Crónica

El teatro de la memoria afro

Historia 1

Sophie Echappé Palomino

Teatro afro

Texto: Sophie Echappé Palomino

so_echappe@javeriana.edu.co

Fotos: Sophie Echappé Palomino, cortesía de Miguel Truman y de Diookaju

Bio: Soy estudiante de último año de Comunicación Social y Ciencia Política, con énfasis en periodismo e investigación para la paz. Aferrada a vivir con preguntas y curiosidades.

Dedicada a observar todo lo que me rodea. Desde hace siete años me entrego a la fotografía y, desde hace cinco, a aprender sobre el oficio del periodismo.

El teatro de la memoria afro

Catalina Mosquera, María Moreno y Ana Ruth Díaz hacen parte de Diookaju-Generación Arte Afro, una agrupación compuesta por cantadoras y bailarines afrocolombianos. De manera colectiva, han creado obras de teatro que se inspiran en las vivencias propias, para así incidir y transformar las mentes y acciones de su público.

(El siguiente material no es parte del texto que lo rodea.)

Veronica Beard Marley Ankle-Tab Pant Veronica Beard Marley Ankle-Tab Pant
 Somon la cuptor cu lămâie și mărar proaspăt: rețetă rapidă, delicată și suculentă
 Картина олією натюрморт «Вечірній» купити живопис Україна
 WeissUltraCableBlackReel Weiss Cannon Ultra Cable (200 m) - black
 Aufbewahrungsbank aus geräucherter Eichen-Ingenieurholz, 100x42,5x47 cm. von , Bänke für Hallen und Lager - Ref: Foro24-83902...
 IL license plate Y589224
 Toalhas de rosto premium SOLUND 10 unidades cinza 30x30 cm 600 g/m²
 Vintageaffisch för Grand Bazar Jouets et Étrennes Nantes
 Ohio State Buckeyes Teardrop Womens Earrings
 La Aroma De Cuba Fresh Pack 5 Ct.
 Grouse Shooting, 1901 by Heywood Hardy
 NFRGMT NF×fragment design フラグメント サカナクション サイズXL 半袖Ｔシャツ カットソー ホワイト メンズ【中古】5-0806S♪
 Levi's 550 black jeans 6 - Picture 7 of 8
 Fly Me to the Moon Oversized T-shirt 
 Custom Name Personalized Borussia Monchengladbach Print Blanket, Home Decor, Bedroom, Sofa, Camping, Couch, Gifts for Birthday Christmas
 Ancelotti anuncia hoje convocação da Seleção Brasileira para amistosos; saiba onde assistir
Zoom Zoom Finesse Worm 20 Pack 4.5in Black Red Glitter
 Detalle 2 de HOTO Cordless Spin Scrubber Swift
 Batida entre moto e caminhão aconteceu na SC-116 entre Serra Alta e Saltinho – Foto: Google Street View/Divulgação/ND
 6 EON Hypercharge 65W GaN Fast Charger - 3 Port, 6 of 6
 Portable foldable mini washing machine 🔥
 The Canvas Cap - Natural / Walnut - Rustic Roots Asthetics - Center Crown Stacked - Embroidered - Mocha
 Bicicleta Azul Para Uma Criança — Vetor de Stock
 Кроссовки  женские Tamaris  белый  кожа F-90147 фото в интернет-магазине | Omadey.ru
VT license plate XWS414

El escenario es oscuro y un único foco de luz amarilla puesto en el centro alumbra el piso negro. Allí, una mujer da varios saltos en puntas de pies, sin que su espalda se encorve. Mientras sube, en cada salto sus hombros se elevan y sus brazos se extienden a los lados, mientras que sus palmas giran para mirar hacia atrás. Tiene puesta una máscara plateada que se asemeja al color blanco cuando entra en contacto con la luz. Esta le cubre los ojos, las mejillas y la nariz. Al bajar, su vestido terracota cae y logra reflejar su material sedoso, pesado y, a la vez, flexible para hacer posible el movimiento.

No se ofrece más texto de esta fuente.